Leave out any picture and return the remaining listing below exactly as given.

» Recorded information:
=== Begin Enclosure ===

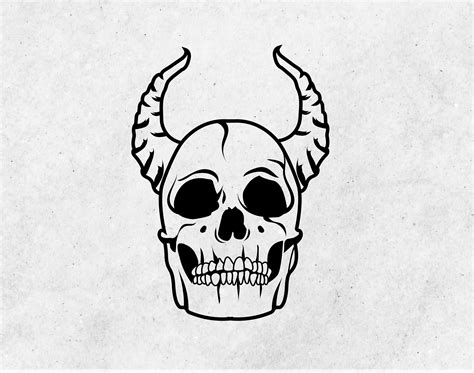 Skull Svg Skeleton Svg Png Pdf Eps Horned Skull Devil Skull Etsy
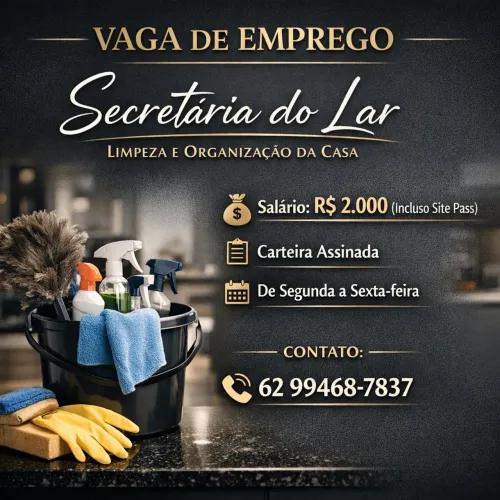 Vaga de emprego Secretaria do Lar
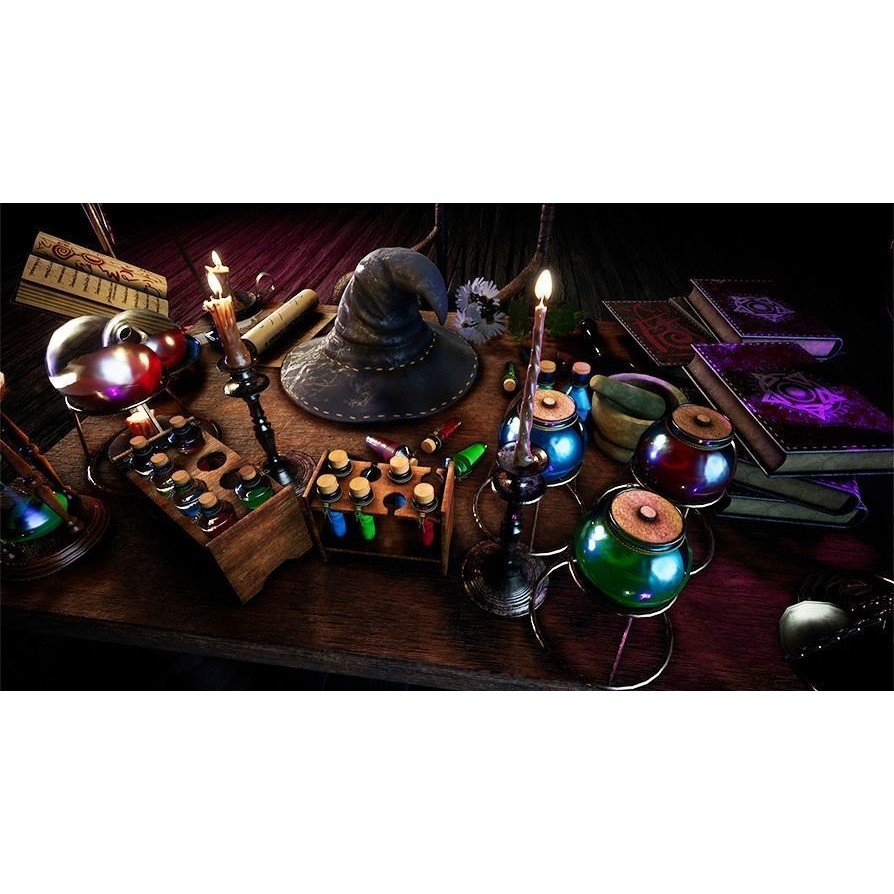 Wizard Table 3D Model – Low Poly Fantasy Prop Pack, PBR Textures - View 12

=== End Enclosure ===

» Exercise result:
 Skull Svg Skeleton Svg Png Pdf Eps Horned Skull Devil Skull Etsy
 Vaga de emprego Secretaria do Lar
 Wizard Table 3D Model – Low Poly Fantasy Prop Pack, PBR Textures - View 12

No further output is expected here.